Maksudnya? Jelas siapa memindai apa, kapan, di mana. Kedua, evidence first, opinion later. Keputusan lahir dari basis data yang sama, bukan angka pembenaran yang dicari belakangan.
Formulir daring merapikan proses, kalender bersama mencegah tumpang tindih, dan semua pihak membaca panel fakta yang sama.
Meskipun, perubahan ini juga menuntut capacity building yang berdampak, bukan seremonial.
Ukurannya sederhana, operator rutin memindai, verifikator menutup loop pengecekan, pimpinan membaca dashboard untuk memutuskan, dan bukan menyandarkan diri pada rumor.
Resepnya pelatihan berjenjang, SOP yang dipakai (bukan dipajang), pendampingan lapangan, dan audit trail yang menjaga disiplin.
Budaya kerja lama perlu learn–unlearn–relearn. Contoh? Kebiasaan manual di-unlearn (tinggalkan), kebiasaan baru — scan, log digital, kalender bersama — di-relearn (biasakan) sampai menjadi refleks.
Tanpa siklus ini, aplikasi hanya menambah pekerjaan, bukan menambah nilai.
Metrik pun harus bergeser dari “nilai aset” ke “nilai guna aset.” Kinerja aset diukur oleh utilisasi ruang, kecepatan perbaikan, tingkat kepatuhan pemindaian, dan manfaat layanan yang dihasilkan — bukan sekadar angka rupiah di neraca.
Aset yang tidak terlacak adalah biaya; aset yang terkelola dan termanfaatkan adalah manfaat.
Arsitekturnya jelas, satu pintu–satu data–satu kalender.

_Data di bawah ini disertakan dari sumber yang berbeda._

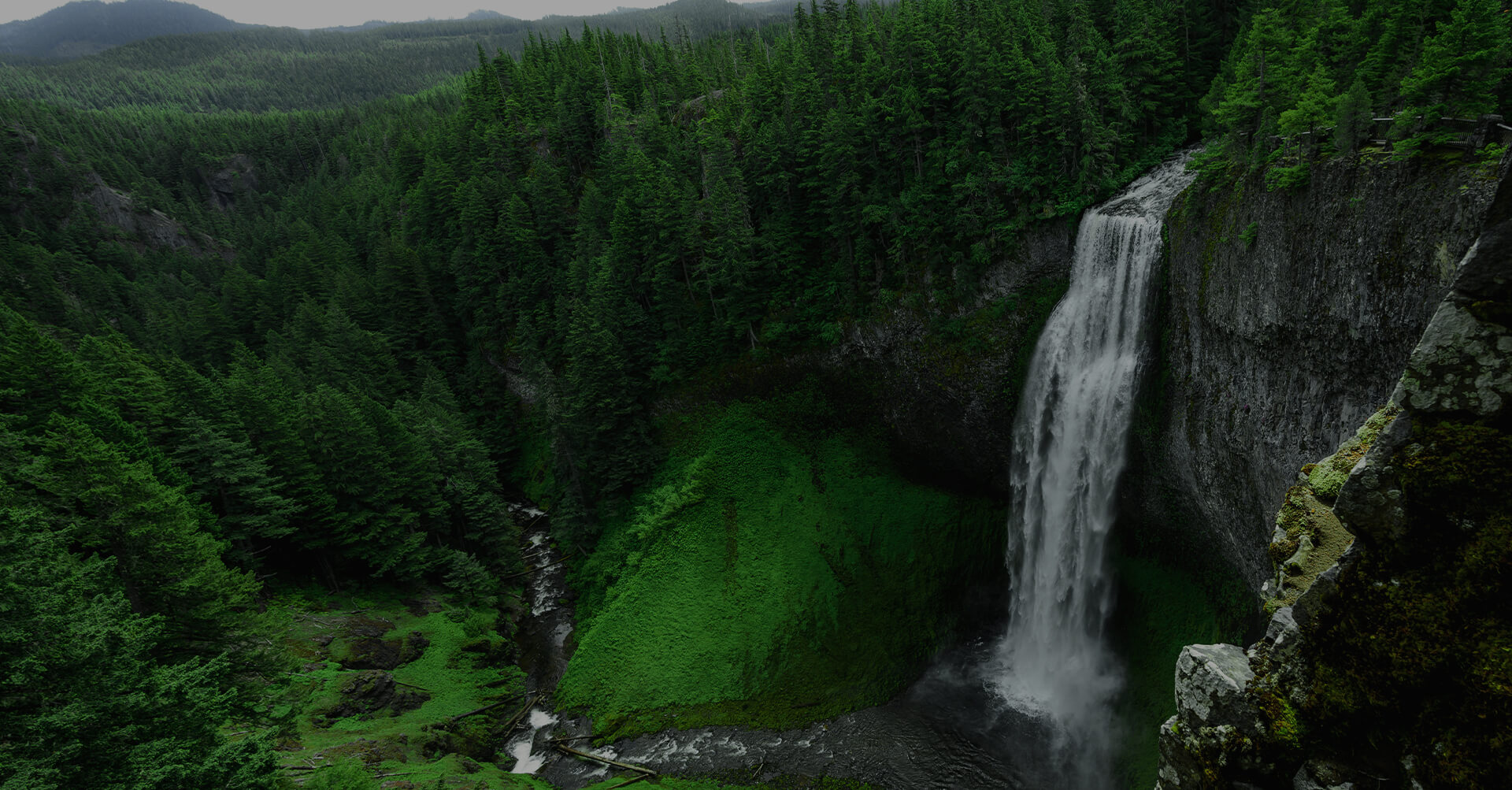 Paix sur terre pour sauver la Terre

Integrasi proses lewat formulir daring, integrasi identitas lewat barcode unik, dan integrasi waktu lewat kalender bersama membentuk fondasi tata kelola yang mencegah duplikasi, memotong ambiguitas, dan memudahkan audit harian.
Kenapa repot? Jejak digital menyimpan kekuasaan baru, perlu manajemen risiko dan etika data, termasuk hak akses berjenjang, log yang tidak bisa dihapus, dan prinsip minimalisasi data.

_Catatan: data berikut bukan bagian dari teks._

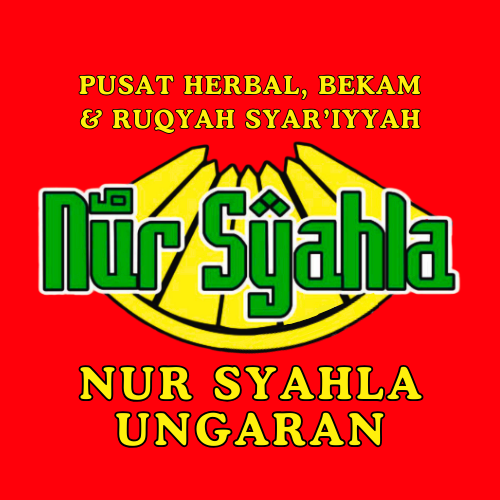 Logo PT. Pintarnya Solusi Teknologi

Audit trail menjadi pagar mutu sehari-hari — bukan menakut-nakuti, tetapi menormalkan akuntabilitas.
Setelah stabil, sistem ini skalabel. Replikasi ke unit lain harus diselaraskan dengan agenda pembangunan daerah, agar inovasi bukan pulau teknologi, melainkan standar provinsi.
Di saat yang sama, kebijakan harus tahan guncangan: prosedur yang sederhana, failsafe operasional (misalnya antrian offline ketika jaringan padam), dan tinjauan triwulan berbasis data untuk koreksi arah.
Kebijakan hidup karena dipelihara, bukan karena diluncurkan.
Kita juga perlu membaca ekonomi politik perubahan. Akan ada biaya transisi bagi pihak yang nyaman dalam ketidakjelasan.
Jawabannya: hasil cepat yang terlihat publik—jadwal ruang real time, pelacakan aset yang tadinya rawan hilang — dikombinasikan dengan insentif berbasis kinerja dan penegakan yang konsisten. Koalisi pendukung harus lebih besar daripada koalisi penolak.
Pada akhirnya, yang kita tegakkan adalah disiplin proses, kesehatan data, dan normalisasi akuntabilitas.
Karena itu, mari dukung penuh kepemimpinan perubahan ini.
Dari manual menjadi terkendali. Dari biaya menjadi manfaat. Dari aset menjadi nilai. Tombol go-live hari ini bukan garis akhir, melainkan awalan menuju BPSDMD yang lebih tertib, transparan, dan akuntabel.